[7.8/10] It’s occasionally hard to know how to unpack an episode of Rick and Morty. The show has so many layers to it, of irony, of parody, of character, of story, of theme, that’s hard to separate each into discrete groups and consider what exactly the episode is trying to say. I consider it a feature, not a bug, but it does sometimes make the show hard to write about.

That said, there’s a few things (I think) we can take away from the episode. The first is that, as evidenced by this episode and the series finale of Community, Dan Harmon does not particularly care for The Avengers and its related films, now the baby of his old friends The Russo Brothers. “Vindicators 3” does a nice job of parodying these films with the Vindicators themselves, poking fun at oddly specific or impractical problems with convenient or unnecessary solutions, and through Rick more directly commenting on them.

The show has fun playing around with colorful superheroes and mixing them into R&M’s sad sack world where people more readily die and friends and families are more apt to turn on one another than be united by the latest adventure. Bringing in Gillian Jacobs certainly helps the proceedings, and the escalation as the heroes keep getting picked off in Drunk Rick’s amusing Saw-like series of death rooms fits the weird creativity of the show.

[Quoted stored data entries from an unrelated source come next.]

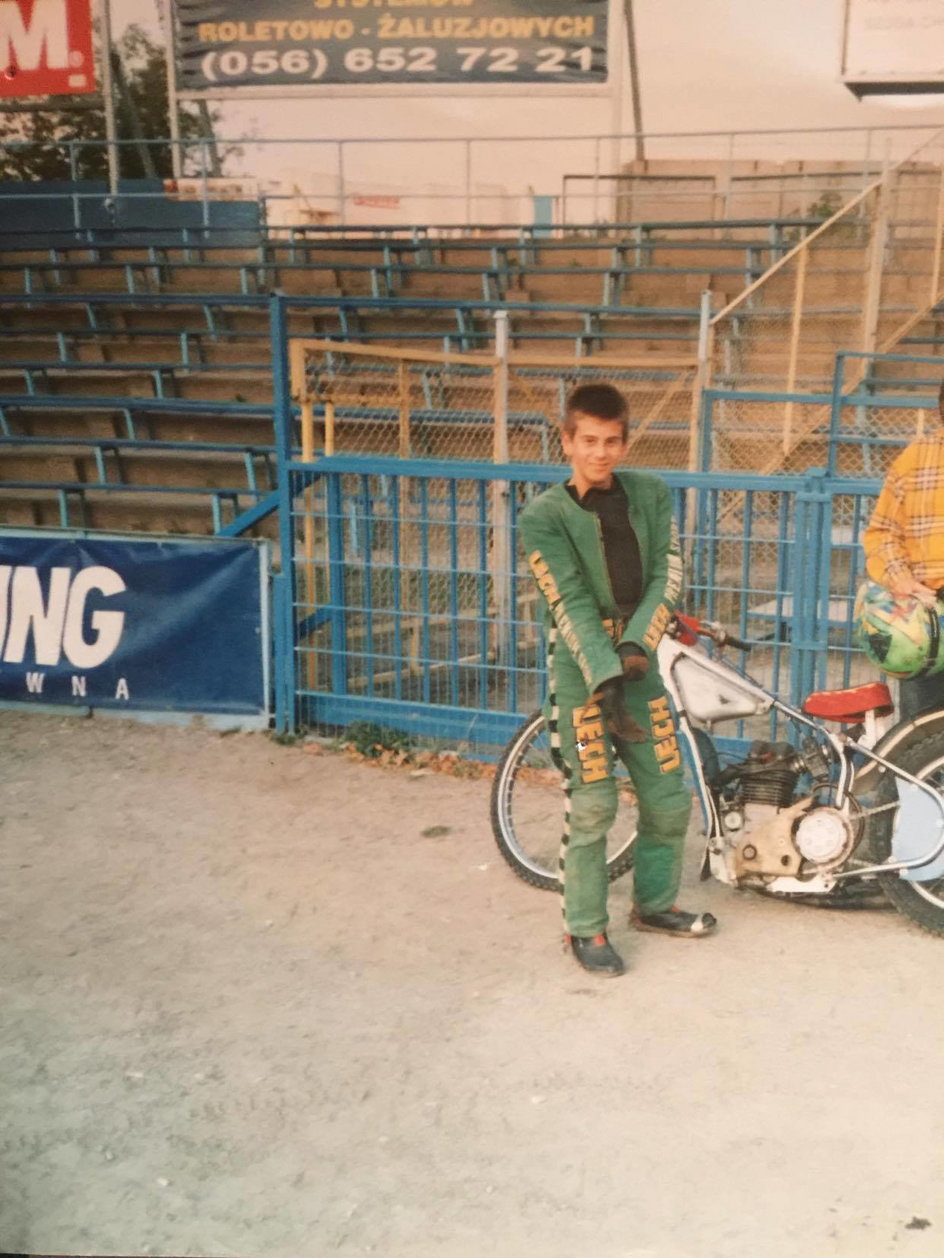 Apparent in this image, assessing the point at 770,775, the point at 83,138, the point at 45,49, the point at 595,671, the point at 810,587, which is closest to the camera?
the point at 595,671

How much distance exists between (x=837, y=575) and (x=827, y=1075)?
294 cm

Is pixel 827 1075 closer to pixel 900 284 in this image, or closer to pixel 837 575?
pixel 837 575

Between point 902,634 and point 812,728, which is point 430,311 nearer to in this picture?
point 812,728

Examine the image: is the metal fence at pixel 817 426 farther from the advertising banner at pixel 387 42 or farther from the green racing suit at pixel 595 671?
the advertising banner at pixel 387 42

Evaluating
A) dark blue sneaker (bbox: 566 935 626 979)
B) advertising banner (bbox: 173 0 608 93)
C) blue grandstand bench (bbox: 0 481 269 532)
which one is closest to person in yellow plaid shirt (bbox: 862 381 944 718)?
dark blue sneaker (bbox: 566 935 626 979)

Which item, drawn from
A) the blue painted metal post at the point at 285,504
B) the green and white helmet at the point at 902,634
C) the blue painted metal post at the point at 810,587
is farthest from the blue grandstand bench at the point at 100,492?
the green and white helmet at the point at 902,634

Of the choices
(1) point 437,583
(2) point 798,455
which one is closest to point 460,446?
(1) point 437,583

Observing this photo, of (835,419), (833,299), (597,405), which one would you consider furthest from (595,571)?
(833,299)

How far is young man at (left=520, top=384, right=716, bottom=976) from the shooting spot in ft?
11.3

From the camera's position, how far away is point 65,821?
495 cm

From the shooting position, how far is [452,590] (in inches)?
207

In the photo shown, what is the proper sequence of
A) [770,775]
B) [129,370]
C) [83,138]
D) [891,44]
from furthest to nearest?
1. [83,138]
2. [891,44]
3. [129,370]
4. [770,775]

Now I’m a fan of the MCU movies, so I’ll admit to bristling a bit at the criticisms of the episode, but I also think that’s kind of the point. The mouthpiece of the show (and to some degree, it’s creators) is Rick, and while Rick rails away at the formulaicness and lack of complication to the Vindicators (and by extension, The Avengers), the show also acknowledges that everybody loves them and hates him, and that it’s not unfounded.

One thing I appreciate about this season of Rick and Morty is how the show’s been committed to exploring its protagonist as a bad guy, and filter it through the lens of the people around him coming to realize that. Morty is his companion through all this excitement (and his sandwich shop punch card to pick an adventure is a nice touch) and seeing Rick not only rain on his parade and excitement about working with The Vindicators, but realize that his grandfather is the one keeping him from more of these sorts of adventures, that he’s being treated as guilty by association, is a very interesting tack.

Hell, I love the fake out of this one, where the group supposes that Morty is the only thing Rick thinks is worthwhile about The Vindicators, and the episode plays up a tearful drunken confession, only to reveal that it’s Noob Noob, the Mr. Poopybutthole-esque underling at The Vindicators’ base, whom Rick was blubbering about. More and more, we’re getting indications that Morty’s questioning how much his grandfather cares about him, how much he wants this insane man to be in his life anymore, and I’m more more and intrigued by it.

Of course, the whole thing naturally (and amusingly) ends with a big party and a Teenage Mutant Ninja Turtles style rap about the heroes, but the scars are still there. As much as Rick derides The Vindicators (and by extension the du jour superhero movies) as insignificant relative to him and what he can do, they’re something that other people appreciate, something that makes him seem less uniquely brilliant and superlative, and maybe that’s what really bothers him. Rick is the type who always has to kick over someone else’s sandcastle, and Morty’s starting to realize he’s tired of it.